(INPUT DATA Opens)
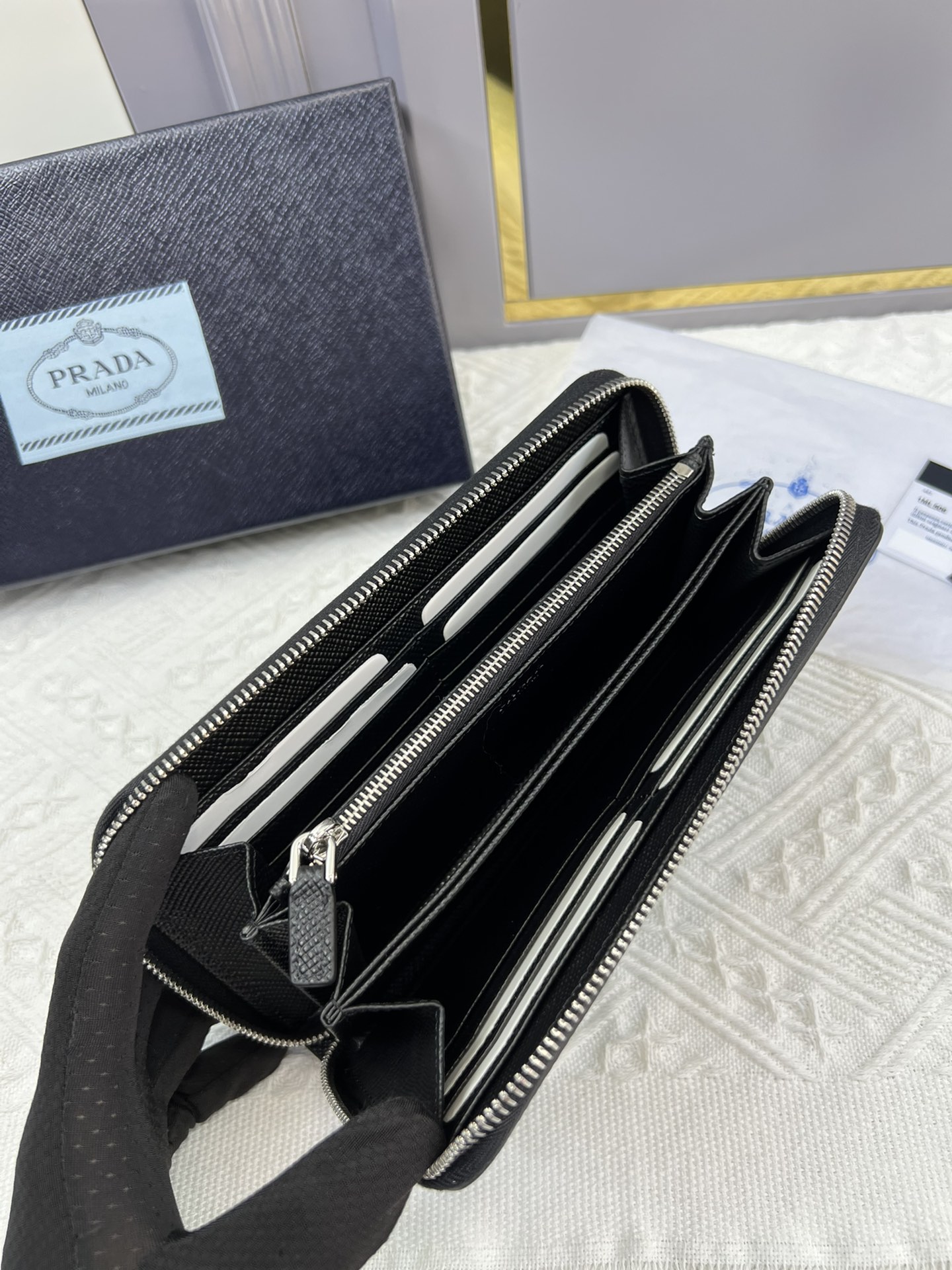 handbags prada 2ML317 20*10.3 - vstockx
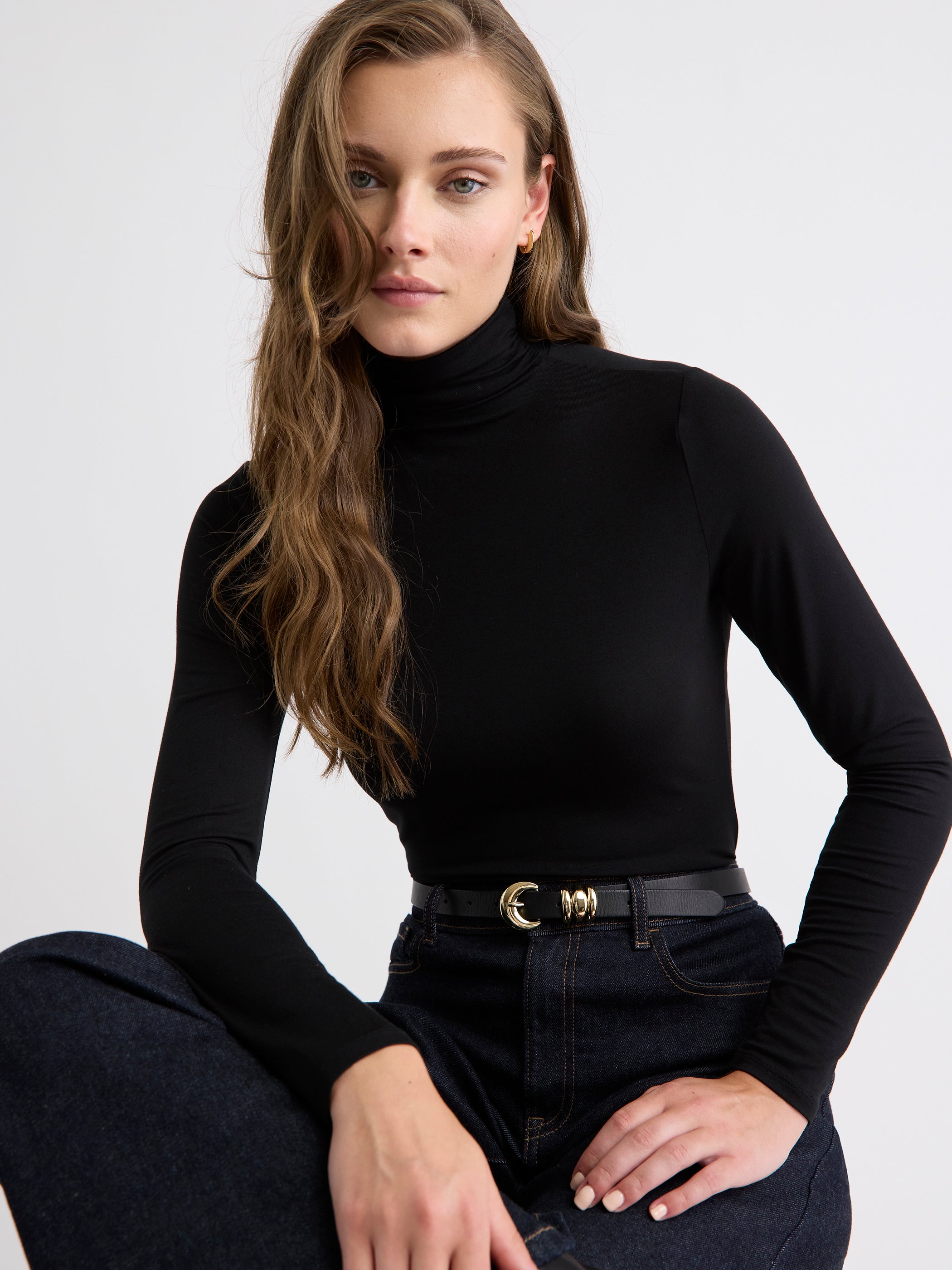 RW&CO Fitted Long-Sleeve Mock-Neck Tee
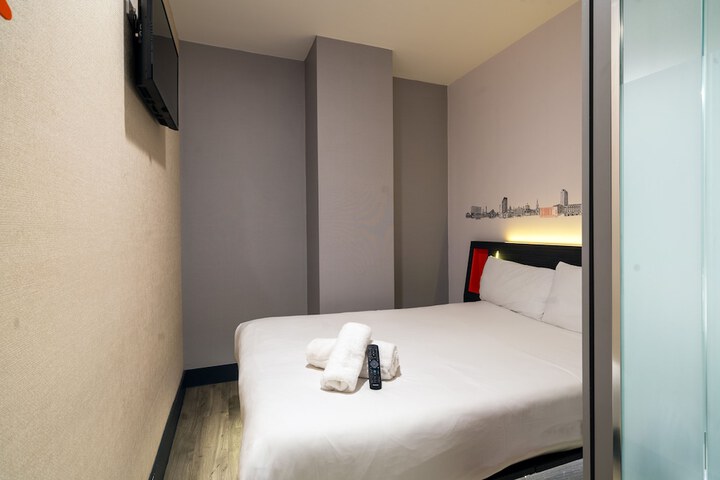 Room 13 of 39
(INPUT DATA Closes)
Once the pictures are set aside, output all of the data above verbatim.

 handbags prada 2ML317 20*10.3 - vstockx
 RW&CO Fitted Long-Sleeve Mock-Neck Tee
 Room 13 of 39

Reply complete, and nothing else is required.